Cook: Sideloading iPhone Apps Is ‘Not In the Best Interests of the User’

Apple is currently embroiled in a legal battle with Epic Games that could affect the future of the iOS walled garden. At issue is the way Apple exerts total control over the software that runs on its phones, and CEO Tim Cook touched on the disagreement in a recent interview with a YouTube channel called Brut. According to Cook, sideloading apps is “not in the best interests of the user.”

The iPhone has existed for well over a decade at this point, and Apple has never supported the installation of apps it has not approved. Even before the App Store, the first-gen iPhone could only get apps when they were jailbroken. Hacking iPhones to install third-party app stores is still possible, but the security measures on the platform make it much harder than it used to be. If you don’t want to follow Apple’s rules, you can’t distribute software on the iPhone.

That’s why Epic and Apple are duking it out in court, and reporters are asking Tim Cook about sideloading apps. Android has always allowed sideloading, which is a process by which you manually install apps from outside Google’s ecosystem. Cook isn’t confident this could work for Apple. “As I look at the tech regulations that’s being discussed, I think there are good parts of it and then I think there are parts of it that are not in the best interests of the user,” he said.

Cook also pointed to malware as a reason to stick with the Apple model. He pulled out a statistic claiming Android has 47 times more malware than iOS does. I don’t know the source of this claim, but it doesn’t sound impossible. There are some real wild west Android app repositories, mostly in China and Russia, where malware flows like water.

Cook points to App Store features like privacy labels and app tracking transparency as things that could not exist in sideloaded apps. That’s true… unless you get them from a third-party app store that has implemented similar features. The problem is we don’t know how that would work because no one has been allowed to develop a full replacement for the App Store.
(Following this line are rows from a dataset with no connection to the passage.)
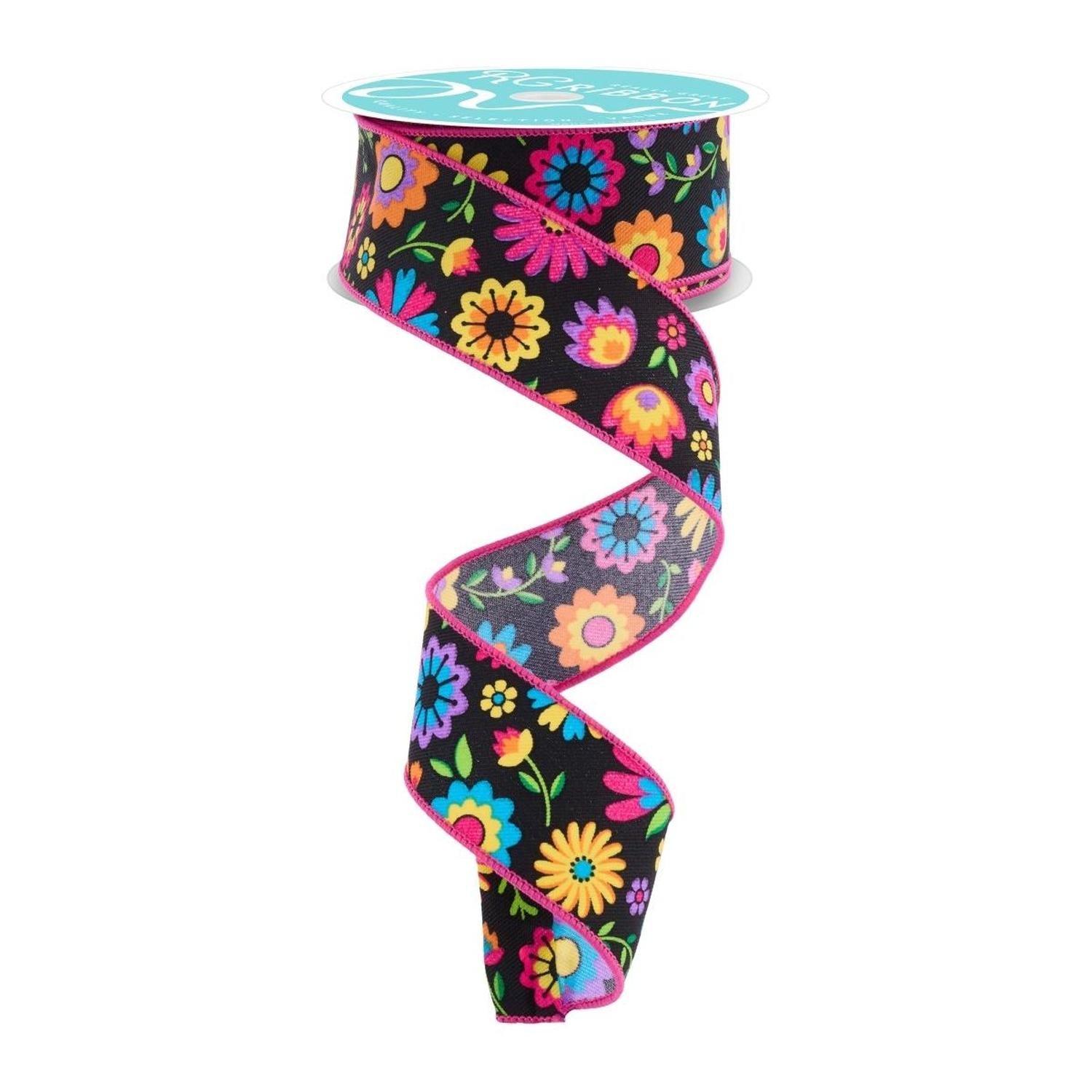 1.5" Fiesta Florals Ribbon: Black (10 Yards)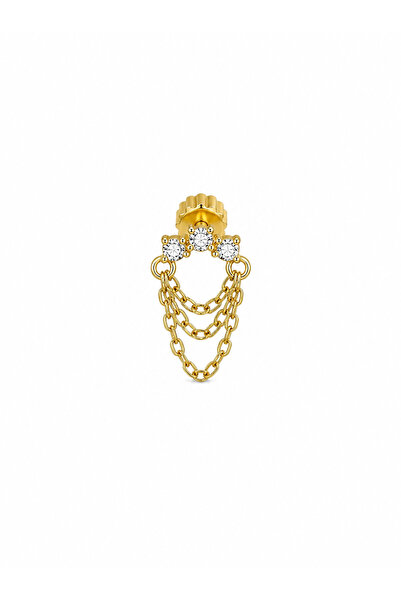Sade Accessory Üç Taşlı Zincir Sallantılı Piercing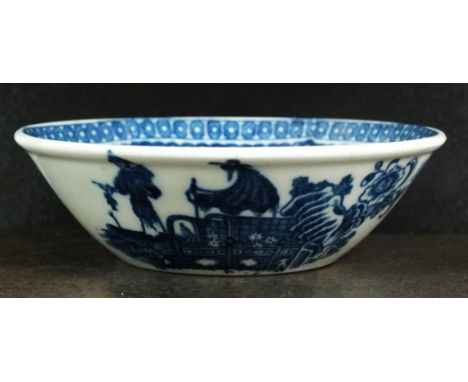 A small Caughley tart or patty pan, circa 1780-85, transfer-printed in underglaze blue with the Pleasure Boat pattern with in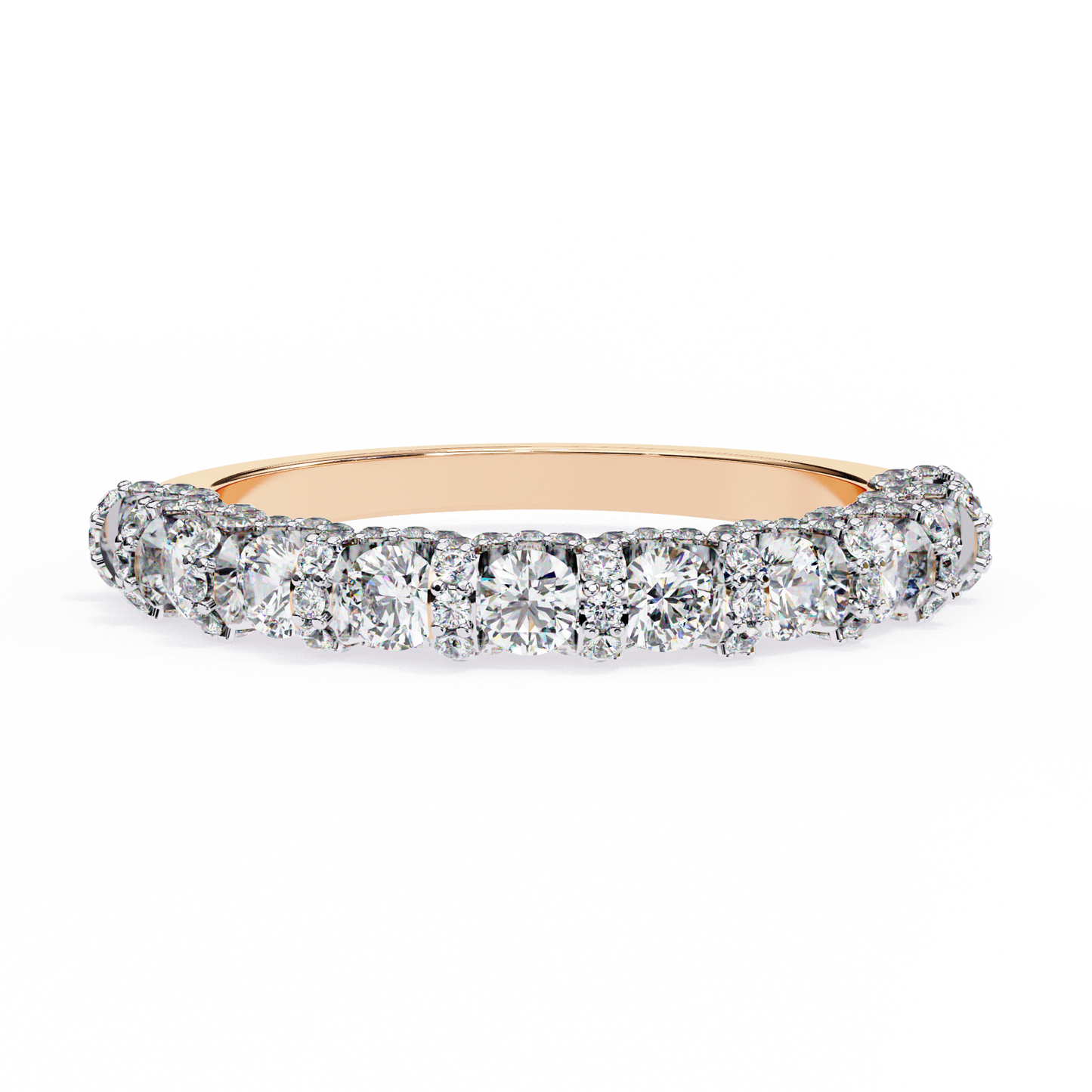 Round Cut Top Grade Diamond Elegance Classic Three Row Dainty Sparkling Proposer Ring For Women's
You could argue, as Apple often has, that it can run its platform however it likes, and the incredible success of the iPhone proves that people like the walled garden. However, that success is itself a problem. The iPhone has become so popular that Apple holds a solid majority of smartphone users in the US. For many, those smartphones are their primary computing device, and Apple gets to decide what software they get to run. Apple and Tim Cook might have the best of intentions, but should more than half the country be barred from running software that Apple hasn’t approved?